A whopping 68% of the $3 billion in revenues generated by the firms measured in this year's rankings were from the top 20, meaning nearly 7% of the agencies produced almost 70% of the income. Illustrating their might even further is the fact that the top 10 took care of 52% of the revenues, with the top five rustling up 35% by themselves.These figures certainly support the argument that the PR industry is consolidating, and the gap between big and small is as wide as ever. Acquisition activity in 2001 was fairly even between acquiring geographical presence and gaining expertise in practice areas such as investor relations or healthcare. This indicates that the market is not yet at its saturation point - when all that is left to do is squash similar agencies together to make a bigger one.
There is still much talk of scale, however.
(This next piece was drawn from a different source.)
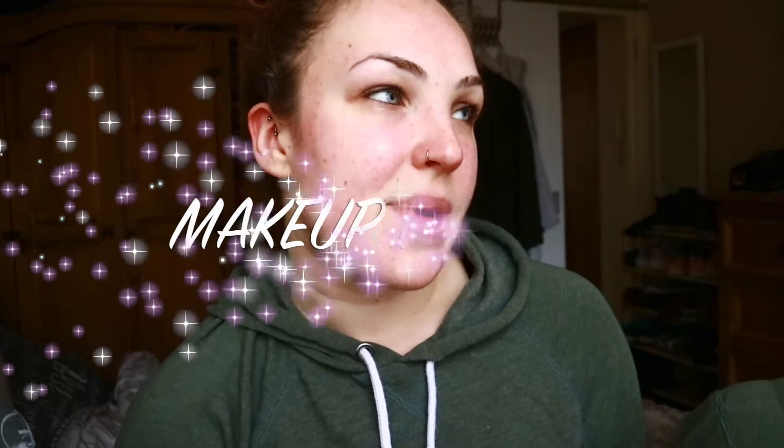Hi everybody, welcome back to my channel. If you're new here, my name is Helen. I used to do a lot of fitness videos and now I'm moving more into lifestyle, and that includes makeup. This is only my second ever makeup video. My last one was filmed at night so the lighting was really off. Now it's daytime, so hopefully it'll look much better. I'm basically getting ready to go out and thought it was a good opportunity to film another video.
A large portion of the industry consolidation - especially at the parent company level - has been driven in no small part by the demands of clients that want scale and its resultant economies, global coverage and consistency of message.
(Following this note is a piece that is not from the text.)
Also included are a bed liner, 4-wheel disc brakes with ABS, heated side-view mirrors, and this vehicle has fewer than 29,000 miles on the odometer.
However, this argument is for the Fortune 500 clients and the agencies with $100 million or more in billings. In 2001, only one of the big M&A deals on the agency side was on the grand scale - the merger of Weber Shandwick Worldwide with BSMG as a result of Interpublic's acquisition of True North Communications. At the other end of the spectrum, the smaller agencies are still servicing the smaller clients in the same way they have been - and they are highly successful at it too.
Indeed, it would appear that the pace of consolidation slowed in 2001.
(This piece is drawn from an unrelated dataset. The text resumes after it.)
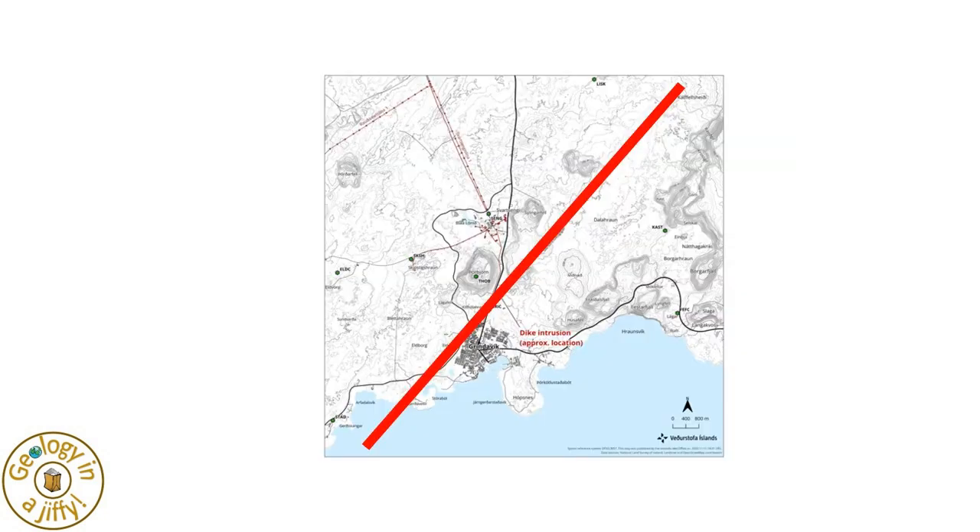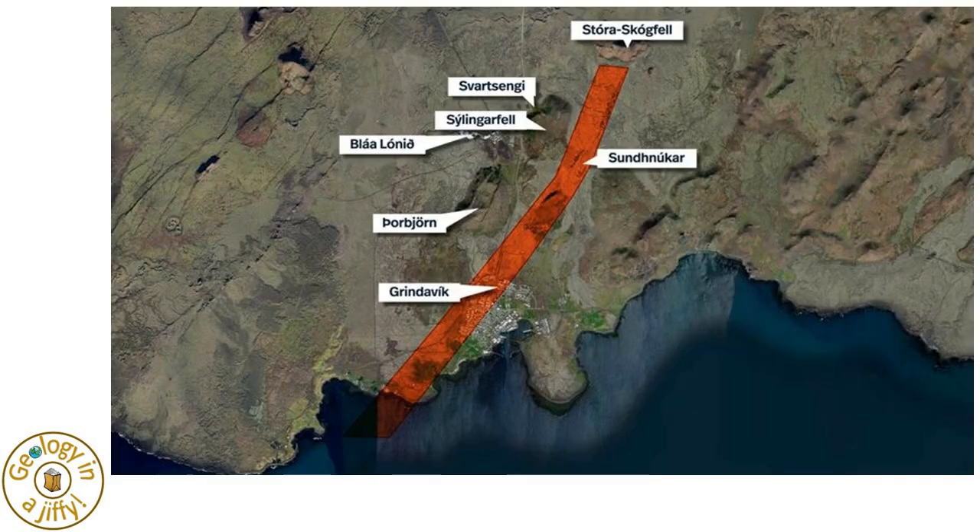These correspond with the 15km long dike of magma intruding from below, which we can see underlying the town of Grindavik, causing the evacuation of everyone from the area just two days ago.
The proportion of revenues posted by the top 20 firms, though still huge, is slightly smaller this year than the 71% recorded in 2000. That's not altogether surprising when looking at the intense M&A activity in the heady tech environment of that year, and the subsequent crash in 2001.
So while PR industry revenues are down as a whole, many smaller agencies are reporting at worst a flat performance (as opposed to the almost universal decline among the big players). In fact, looking down the rankings table to the lower numbers, one starts to see double-digit growth for a good many firms. Granted, a $2 million agency with a 25% increase in revenue is still small by anyone's standards, but that growth can represent just a small handful of clients.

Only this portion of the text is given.